Risas, voces... comentarios de que si ésto o lo otro...
Una taza cayó al suelo y se rompió en varios pedazos, salpicando a su alrededor goterones de café con leche, sin que ninguno pareciese darse cuenta.
Sólo una chica rubia de aspecto angelical, con ojos emborrados por lo que pudo haber sido una línea de kohl, exclamó un mecagoendios, que salió de sus labios como si fuese un mendigo saliendo de un palacio, pisando una alfombra roja que no le correspondía.
Y de repente apareció ella, de la mano de su madre.
Se acercaron a la terraza del bar, pausadamente, sin prisas, con esa calma que nos invade cuando nuestra mayor preocupación es simplemente ver pasar el tiempo plácidamente.
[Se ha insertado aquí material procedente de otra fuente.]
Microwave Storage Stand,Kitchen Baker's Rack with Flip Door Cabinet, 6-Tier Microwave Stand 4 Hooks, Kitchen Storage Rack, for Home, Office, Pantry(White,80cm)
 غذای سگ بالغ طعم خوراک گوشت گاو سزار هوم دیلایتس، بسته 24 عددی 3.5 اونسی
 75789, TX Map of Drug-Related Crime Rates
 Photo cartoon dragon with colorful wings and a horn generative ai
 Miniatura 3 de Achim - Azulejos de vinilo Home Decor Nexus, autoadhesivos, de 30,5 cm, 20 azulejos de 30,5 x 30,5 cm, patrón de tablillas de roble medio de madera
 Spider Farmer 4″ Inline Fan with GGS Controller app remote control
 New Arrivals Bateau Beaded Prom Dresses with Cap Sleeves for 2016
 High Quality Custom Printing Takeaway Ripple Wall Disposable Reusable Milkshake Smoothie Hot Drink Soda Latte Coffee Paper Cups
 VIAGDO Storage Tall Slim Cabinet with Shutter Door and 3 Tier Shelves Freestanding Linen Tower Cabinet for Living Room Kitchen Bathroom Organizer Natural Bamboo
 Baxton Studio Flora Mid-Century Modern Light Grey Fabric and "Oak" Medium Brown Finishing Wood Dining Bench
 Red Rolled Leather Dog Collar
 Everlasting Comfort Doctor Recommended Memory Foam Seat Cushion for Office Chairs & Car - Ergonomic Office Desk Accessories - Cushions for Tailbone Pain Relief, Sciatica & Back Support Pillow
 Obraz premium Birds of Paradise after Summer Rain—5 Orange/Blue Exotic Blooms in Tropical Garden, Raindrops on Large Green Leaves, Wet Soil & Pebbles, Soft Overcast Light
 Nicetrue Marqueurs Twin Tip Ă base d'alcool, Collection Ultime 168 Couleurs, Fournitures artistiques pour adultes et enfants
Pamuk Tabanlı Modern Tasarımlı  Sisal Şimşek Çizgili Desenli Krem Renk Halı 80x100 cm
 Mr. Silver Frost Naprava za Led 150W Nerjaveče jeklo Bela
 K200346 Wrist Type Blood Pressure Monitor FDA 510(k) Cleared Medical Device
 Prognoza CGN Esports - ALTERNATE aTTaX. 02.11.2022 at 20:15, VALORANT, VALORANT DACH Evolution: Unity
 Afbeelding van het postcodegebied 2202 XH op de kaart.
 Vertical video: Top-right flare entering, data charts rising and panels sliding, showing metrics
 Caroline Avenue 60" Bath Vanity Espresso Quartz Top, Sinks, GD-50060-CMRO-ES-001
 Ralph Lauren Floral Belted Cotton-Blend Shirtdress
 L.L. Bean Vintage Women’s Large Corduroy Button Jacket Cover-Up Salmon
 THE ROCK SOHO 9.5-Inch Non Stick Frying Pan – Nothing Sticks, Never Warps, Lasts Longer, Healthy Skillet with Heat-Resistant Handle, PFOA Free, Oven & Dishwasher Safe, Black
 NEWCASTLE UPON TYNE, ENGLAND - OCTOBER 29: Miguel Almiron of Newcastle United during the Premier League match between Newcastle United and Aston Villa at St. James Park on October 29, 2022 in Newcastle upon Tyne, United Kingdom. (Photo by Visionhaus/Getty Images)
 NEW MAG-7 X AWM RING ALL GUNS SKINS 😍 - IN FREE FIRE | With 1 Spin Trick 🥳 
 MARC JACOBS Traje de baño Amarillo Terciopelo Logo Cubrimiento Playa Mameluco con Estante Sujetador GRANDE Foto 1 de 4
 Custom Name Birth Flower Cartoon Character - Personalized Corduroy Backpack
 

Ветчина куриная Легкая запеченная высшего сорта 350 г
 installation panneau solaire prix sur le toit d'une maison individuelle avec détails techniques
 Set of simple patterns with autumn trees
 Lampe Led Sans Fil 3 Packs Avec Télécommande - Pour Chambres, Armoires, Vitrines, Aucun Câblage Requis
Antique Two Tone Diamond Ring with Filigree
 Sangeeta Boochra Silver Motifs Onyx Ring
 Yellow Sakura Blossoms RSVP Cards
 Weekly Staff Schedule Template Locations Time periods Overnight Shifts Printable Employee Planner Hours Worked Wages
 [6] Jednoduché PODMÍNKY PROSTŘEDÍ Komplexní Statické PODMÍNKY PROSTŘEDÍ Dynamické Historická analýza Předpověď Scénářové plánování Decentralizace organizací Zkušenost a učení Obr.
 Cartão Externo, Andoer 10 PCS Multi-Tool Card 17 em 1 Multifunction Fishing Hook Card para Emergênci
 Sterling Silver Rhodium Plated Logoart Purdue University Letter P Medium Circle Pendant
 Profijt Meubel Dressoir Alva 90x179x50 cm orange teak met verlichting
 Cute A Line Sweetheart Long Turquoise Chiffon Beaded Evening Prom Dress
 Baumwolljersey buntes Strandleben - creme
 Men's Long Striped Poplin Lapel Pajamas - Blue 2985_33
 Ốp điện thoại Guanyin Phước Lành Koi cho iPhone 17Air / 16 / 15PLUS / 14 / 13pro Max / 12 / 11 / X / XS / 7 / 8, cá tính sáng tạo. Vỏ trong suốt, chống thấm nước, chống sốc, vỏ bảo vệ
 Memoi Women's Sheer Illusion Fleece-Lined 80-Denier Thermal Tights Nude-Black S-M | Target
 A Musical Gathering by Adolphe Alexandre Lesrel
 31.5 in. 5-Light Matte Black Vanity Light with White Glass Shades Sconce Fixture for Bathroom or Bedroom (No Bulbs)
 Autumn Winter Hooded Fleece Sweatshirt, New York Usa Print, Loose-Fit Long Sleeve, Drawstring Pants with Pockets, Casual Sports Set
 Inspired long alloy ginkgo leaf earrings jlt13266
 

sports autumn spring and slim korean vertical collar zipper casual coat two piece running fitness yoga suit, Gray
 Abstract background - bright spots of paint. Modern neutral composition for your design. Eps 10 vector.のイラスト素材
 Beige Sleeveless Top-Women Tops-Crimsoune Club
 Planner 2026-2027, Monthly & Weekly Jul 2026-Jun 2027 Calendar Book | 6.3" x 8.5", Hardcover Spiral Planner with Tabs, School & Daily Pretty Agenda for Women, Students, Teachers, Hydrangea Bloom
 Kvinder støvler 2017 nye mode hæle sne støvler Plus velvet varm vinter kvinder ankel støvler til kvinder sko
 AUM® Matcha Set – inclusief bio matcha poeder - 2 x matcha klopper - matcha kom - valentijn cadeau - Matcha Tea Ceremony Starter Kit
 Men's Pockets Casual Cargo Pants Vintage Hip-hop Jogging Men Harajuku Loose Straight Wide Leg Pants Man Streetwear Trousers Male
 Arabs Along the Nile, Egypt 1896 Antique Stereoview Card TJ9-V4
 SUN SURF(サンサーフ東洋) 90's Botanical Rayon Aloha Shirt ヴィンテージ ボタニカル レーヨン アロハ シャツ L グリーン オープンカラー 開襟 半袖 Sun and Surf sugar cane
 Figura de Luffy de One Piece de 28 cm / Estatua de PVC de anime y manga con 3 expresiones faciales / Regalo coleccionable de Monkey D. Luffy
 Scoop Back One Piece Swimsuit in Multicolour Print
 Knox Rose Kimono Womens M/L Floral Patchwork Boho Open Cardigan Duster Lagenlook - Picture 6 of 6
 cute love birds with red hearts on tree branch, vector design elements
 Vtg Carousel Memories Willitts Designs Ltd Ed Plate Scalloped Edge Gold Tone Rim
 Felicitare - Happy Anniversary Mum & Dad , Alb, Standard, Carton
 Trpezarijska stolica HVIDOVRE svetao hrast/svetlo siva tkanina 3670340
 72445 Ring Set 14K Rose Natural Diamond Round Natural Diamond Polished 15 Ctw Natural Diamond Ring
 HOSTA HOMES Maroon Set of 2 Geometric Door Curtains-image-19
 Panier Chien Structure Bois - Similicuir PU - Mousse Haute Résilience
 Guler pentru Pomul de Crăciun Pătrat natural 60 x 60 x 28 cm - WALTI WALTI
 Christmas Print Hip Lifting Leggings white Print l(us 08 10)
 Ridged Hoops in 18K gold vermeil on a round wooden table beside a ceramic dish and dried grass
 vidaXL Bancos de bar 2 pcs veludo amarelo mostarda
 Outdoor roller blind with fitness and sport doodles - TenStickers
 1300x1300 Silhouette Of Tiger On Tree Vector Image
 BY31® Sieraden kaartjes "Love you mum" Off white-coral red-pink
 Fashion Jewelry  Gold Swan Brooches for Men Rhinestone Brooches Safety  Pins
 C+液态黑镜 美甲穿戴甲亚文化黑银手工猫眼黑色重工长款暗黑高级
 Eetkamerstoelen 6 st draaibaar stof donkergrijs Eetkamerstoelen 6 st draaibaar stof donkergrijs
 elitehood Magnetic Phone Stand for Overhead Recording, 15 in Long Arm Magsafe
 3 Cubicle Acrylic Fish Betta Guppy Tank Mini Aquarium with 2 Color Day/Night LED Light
Caminaba con pasitos cortos y un tanto titubeantes. Su ropa, posiblemente elegida por ella misma, dejaba claro que era una chica joven y moderna, que al igual que las chicas de la mesa de al lado, se preocupaba de gustar.
Se sentó cuidadosamente, no desparramándose en la silla, sino muy ergida, con un aire elegante, casi majestuoso y colocó primorosamente su bolso (de Pucca) y su chaqueta, en la silla de al lado. Ambos perfectos, centrados, sin arrugas, como cuerpos celestes en perfecto equilibrio, en un Universo imaginario que sólo ella veía.
El camarero se acercó para tomar nota y ella alzó sus ojos hacia él y pausadamente pidió una coca cola, mirando de soslayo a su madre, quizás buscando una aprobación o un gesto.
Vertió la coca cola en el vaso, con suma lentitud, estudiándola fijamente, sin verter ni una gota, como si en ello se le fuese la vida y sin perder ni un ápice de aquella elegancia que la rodeaba.
De vez en cuando giraba un poco la cabeza hacia la mesa de la pandilla trasnochadora, (de una edad similar a la suya) y sonreía imperceptiblemente, como la Monalisa. Y se acercaba una aceituna a la boca, mientras miraba pensativa al horizonte.
¿Qué estaría pensando Lucía, la princesa de los ojitos rasgados?